現代のスーツへ話を戻します。フロントボタンが縦1列に並んでいるものを「シングルブレステッド」または「シングル」と呼び、縦2列に並んでいるものを「ダブルブレステッド」または「ダブル」と呼びます。シングルもダブルも、下のボタンを外して着るのは共通しています。
- 1つしかボタンがない場合は留めます。
- シングルで縦に3つボタンがある場合、真ん中のみを留めるか、または一番上と真ん中を留めます。
そして、スーツのボタンは装飾の目的で使われています。手元についているボタンも今は完全に装飾目的です。あのボタン、使いませんよね?
貴族の絢爛豪華な服が、時代の経過によって「洗練」され装飾がそぎ落とされていく中、スーツのボタンは装飾品の名残として存在しています。

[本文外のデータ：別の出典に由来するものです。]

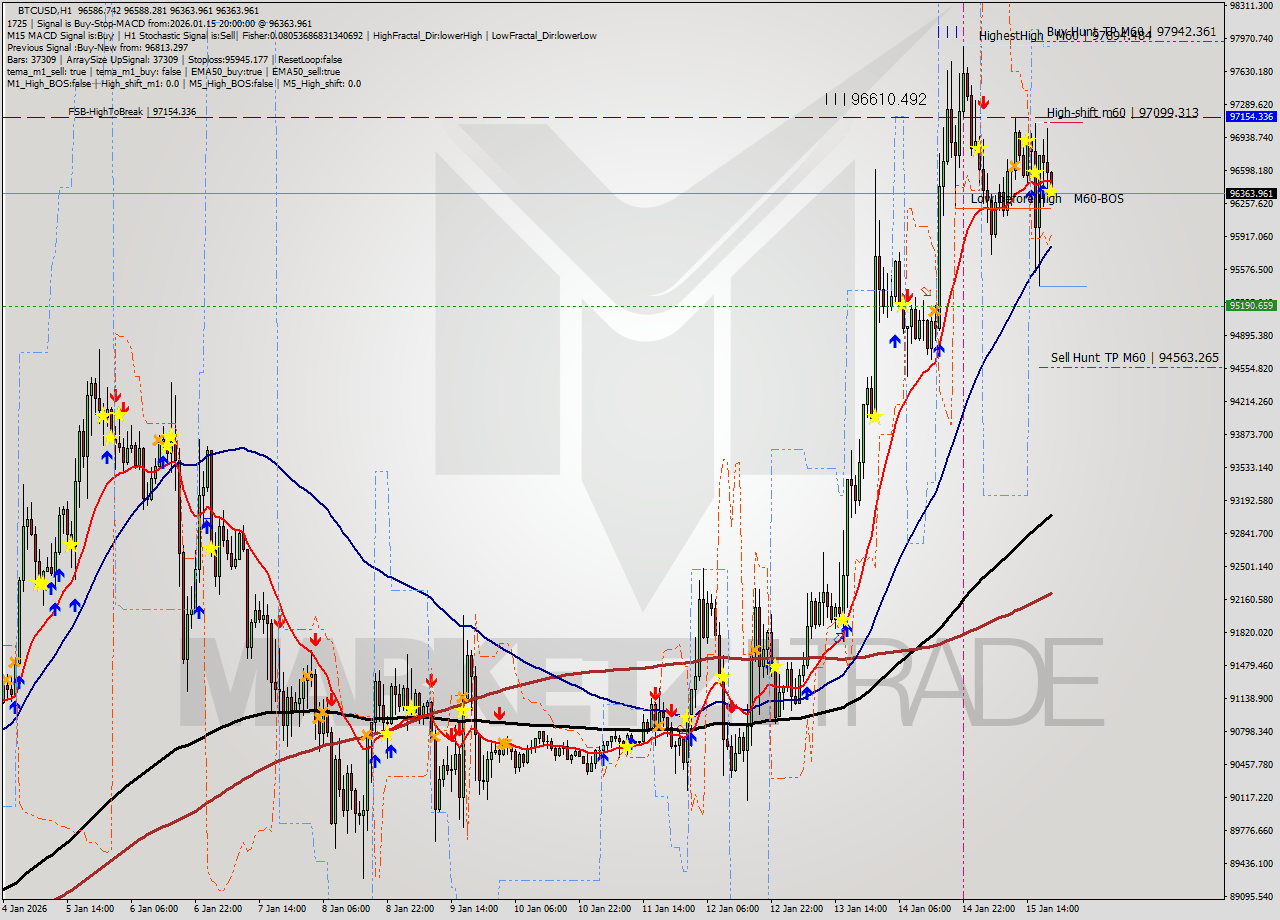 BTCUSD MTF analysis at 2026.01.15 20:10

男性はスーツにおいて「ボタンはすべて留めなくてはいけない!」というものではないので覚えておきましょう。
女性の場合はすべて留める
女性はフロントボタンをすべて留めます。
おいおい、ややこしいな
なぜすべて留めるのか。女性の社会進出の歴史はまだ浅いので、女性のスーツにこれといった決まりは正直ないんですよね。なので、はっきりした理由は言えません。

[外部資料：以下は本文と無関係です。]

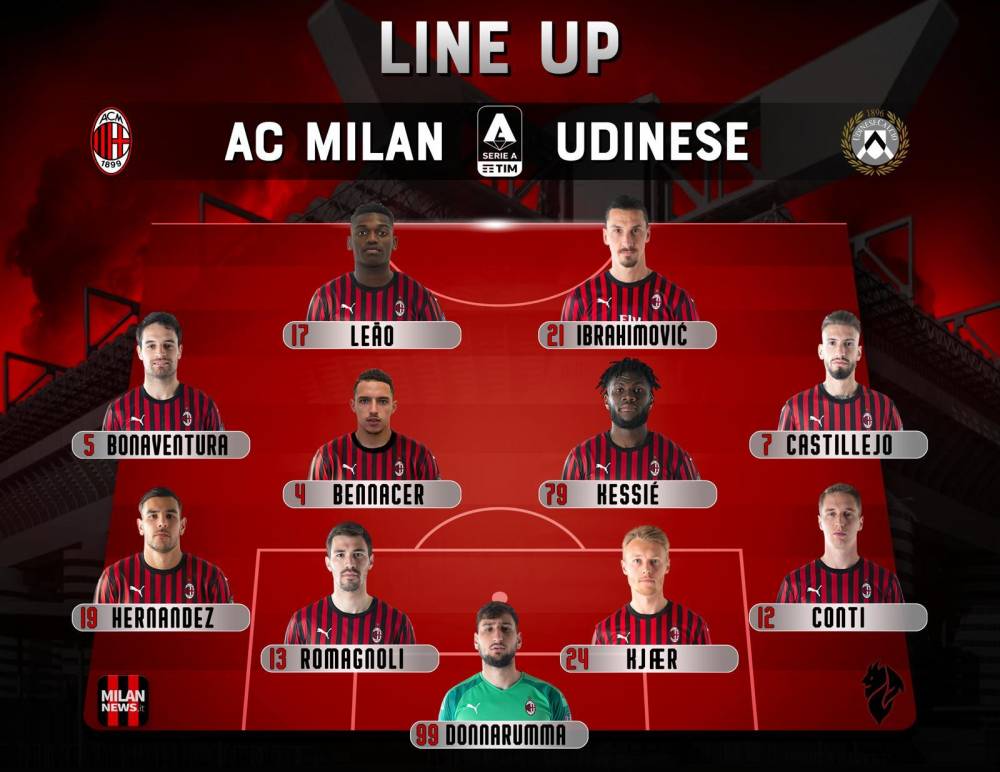 建立固定配 建立固定配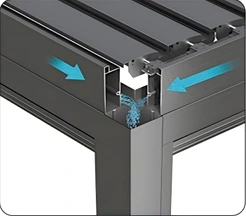 Built-In Gutter System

しかも、女性のファッションは目まぐるしく変わっていて、その変化の仕方も以前の形を一部受け継いだり…ということがほとんどないんですよ。ルールが曖昧なのが逆に、女性のオフィスファッションの難しいところ。
でも、フロントボタンに関して一つ言えるのは女性は乗馬のときはまたがらず、横乗りをしていたということ。なぜ横乗りをしていたかですが、中世から女性が馬にまたがるのははしたないとされていた上に、ドレスが邪魔だったためとされています。そのため、ボタンを開ける必要がなかったのではないでしょうか。

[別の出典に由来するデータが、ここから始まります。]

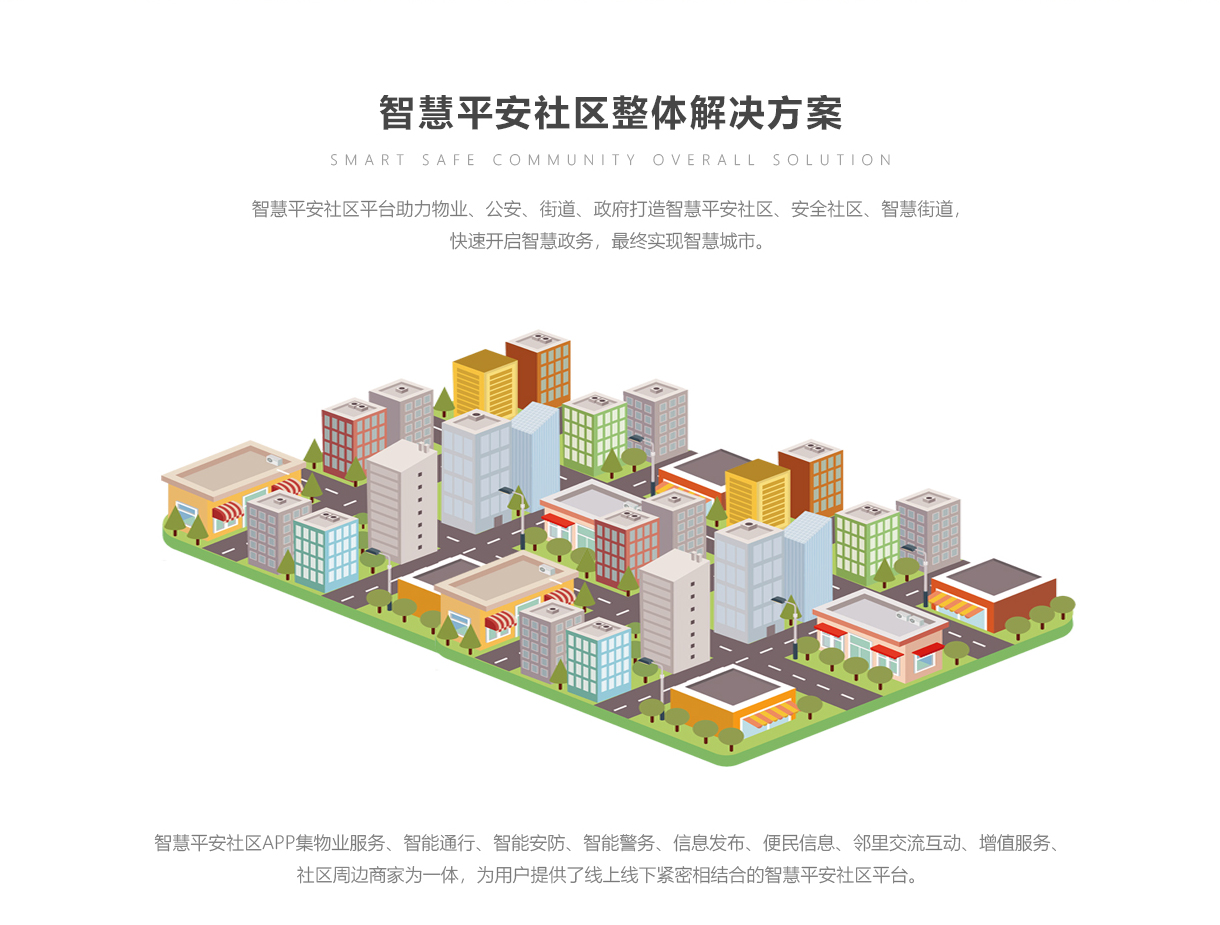 智慧社区产品营销品牌舆情危机预警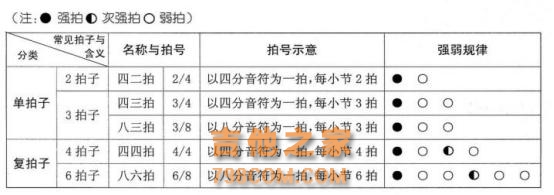 有图有真相！吉他中各种常见的节奏怎么打拍子，看图更容易学会哟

余談ですが、『耳をすませば』のヒロインも自転車を横乗りしていますね。
また別の理由として、男性と違って女性にはもともとくびれがあり、くびれのシルエットを綺麗に見せるためにボタンをすべて留めるのだと思われます。
まとめ
もしかしたら、就職前の身だしなみ研修で「男性の場合、一番下のボタンは外すのがマナーです。」と言われ、知っていた方もいるかもしれません。
でも、「なんで?」と疑問を持ちながら聞いていたのではないでしょうか。実は、乗馬の文化から受け継がれたものなのです。服で歴史を感じるって面白いですね。
これで『ジャケットの一番下のボタンは開ける』という着こなしマナーを覚えられたのではないでしょうか。
朝の忙しいとき、役員に会う前や面接前など緊張したときだと、細かいファッションマナーも忘れてしまいがちなので、これで覚えることができたり興味を持つきっかけになれたら幸いです。